* **Exercise**:
Please copy exactly the part of the records below that opens with the line containing "Orange Crystal Hair Pins for Wedding" and closes with the line containing "Ecksofa - Grau Cord - LANA", leaving out any pictures.

* **Data provided**:
########
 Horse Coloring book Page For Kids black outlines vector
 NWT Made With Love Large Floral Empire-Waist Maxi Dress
########
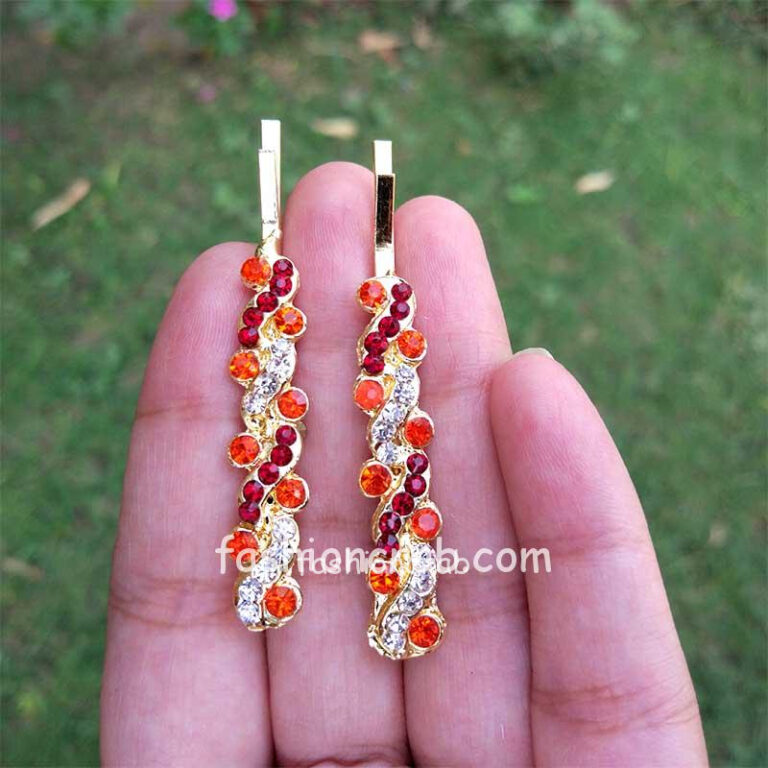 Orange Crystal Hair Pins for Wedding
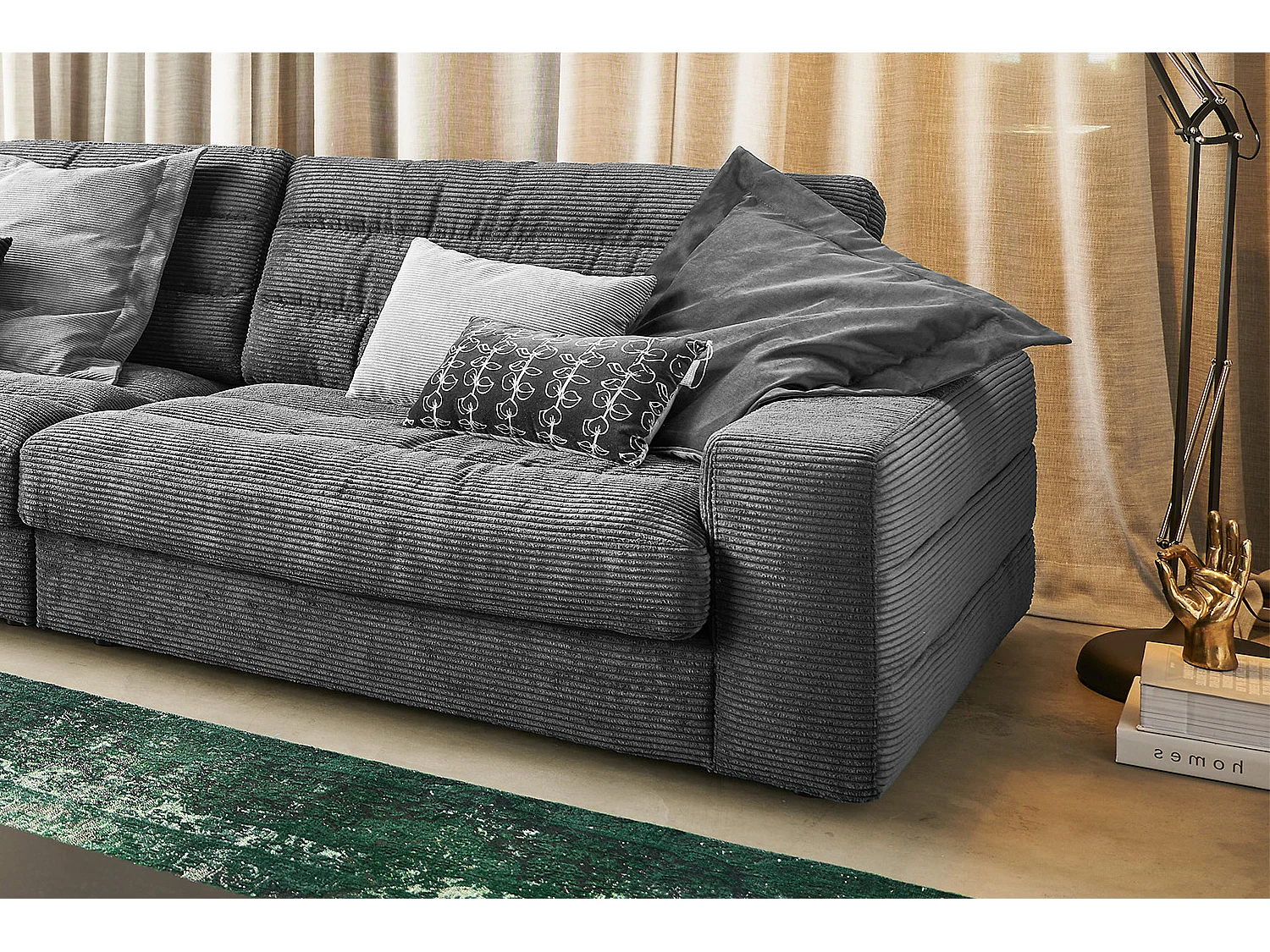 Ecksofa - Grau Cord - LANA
########
* **Written answer**:
 Orange Crystal Hair Pins for Wedding
 Ecksofa - Grau Cord - LANA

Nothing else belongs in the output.